Sapphire-Light said:


> Hmm this means P&G is using worse ingredients for the Natura products or they use less budget and people to keep the plant were the Natura stuff?


Ever since P&G bought Natura I have been keeping a careful eye on what goes into EVO. I have also contacted them on several occasions regarding ingredient sourcing -- NOTHING comes from China.

We weren't really concerned about the recalls per se. But we only have one month's worth of food and it's now impossible to get the food locally. :tsk:


----------



## DDBsR4Me (Jan 23, 2012)

Savage Destiny said:


> What problems? We have zero complaints about NV products, except for the one guy who is feeding his 40lb dog 3 cups of Instinct a day and wants to know why she's fat. NV has been one of the easiest and most open to change companies we work with.


This was last year so maybe things have gotten better - but I know my pet food store had contacted them several times about bags of food that customers were returning due to smell or their dogs not eating it and I guess NV wasn't really interested in hearing the problems. I don't really know the whole story, just that my pet food store wasn't happy with they response they were/weren't getting and stopped carrying their food. 

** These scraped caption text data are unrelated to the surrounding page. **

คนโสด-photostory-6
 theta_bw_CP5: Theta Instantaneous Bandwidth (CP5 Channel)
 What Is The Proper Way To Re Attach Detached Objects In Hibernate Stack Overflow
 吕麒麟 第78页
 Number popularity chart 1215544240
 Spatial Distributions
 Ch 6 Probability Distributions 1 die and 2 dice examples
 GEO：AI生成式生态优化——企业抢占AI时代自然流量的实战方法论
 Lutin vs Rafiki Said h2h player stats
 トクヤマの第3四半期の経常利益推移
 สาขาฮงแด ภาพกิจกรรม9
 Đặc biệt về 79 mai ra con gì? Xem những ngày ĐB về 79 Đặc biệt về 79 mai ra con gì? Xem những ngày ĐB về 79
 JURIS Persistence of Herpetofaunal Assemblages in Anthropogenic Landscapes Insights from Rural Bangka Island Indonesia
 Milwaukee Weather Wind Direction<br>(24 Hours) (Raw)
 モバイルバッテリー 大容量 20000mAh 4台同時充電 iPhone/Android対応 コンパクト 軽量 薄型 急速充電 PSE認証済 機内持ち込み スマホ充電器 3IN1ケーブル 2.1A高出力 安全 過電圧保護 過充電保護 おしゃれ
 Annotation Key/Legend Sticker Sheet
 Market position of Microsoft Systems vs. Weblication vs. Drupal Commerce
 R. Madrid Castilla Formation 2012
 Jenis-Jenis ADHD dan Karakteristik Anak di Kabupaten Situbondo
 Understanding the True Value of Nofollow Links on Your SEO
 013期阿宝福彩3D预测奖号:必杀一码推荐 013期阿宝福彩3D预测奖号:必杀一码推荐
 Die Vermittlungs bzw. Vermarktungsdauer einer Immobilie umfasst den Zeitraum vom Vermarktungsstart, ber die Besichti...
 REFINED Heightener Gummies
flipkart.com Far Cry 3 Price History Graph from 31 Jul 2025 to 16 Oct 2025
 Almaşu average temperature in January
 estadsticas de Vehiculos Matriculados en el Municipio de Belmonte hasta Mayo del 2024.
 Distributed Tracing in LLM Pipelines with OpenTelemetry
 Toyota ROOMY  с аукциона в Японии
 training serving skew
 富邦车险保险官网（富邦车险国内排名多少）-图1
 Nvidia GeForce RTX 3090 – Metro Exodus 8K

I didn't have any issues with it until that one bag that smelled bad and my dog wouldn't touch it - but after that and my pet food store saying they weren't going to carry it anymore I switched to Orijen.


----------



## domika (Jul 15, 2012)

SubMariner said:


> If it is the food I just looked at, it has to be shipped from Australia??? I can't even find it locally...


I have never had, so I have never asked my food store to order it for me but I see it on chewy.com and wag.com.


----------



## 1605 (May 27, 2009)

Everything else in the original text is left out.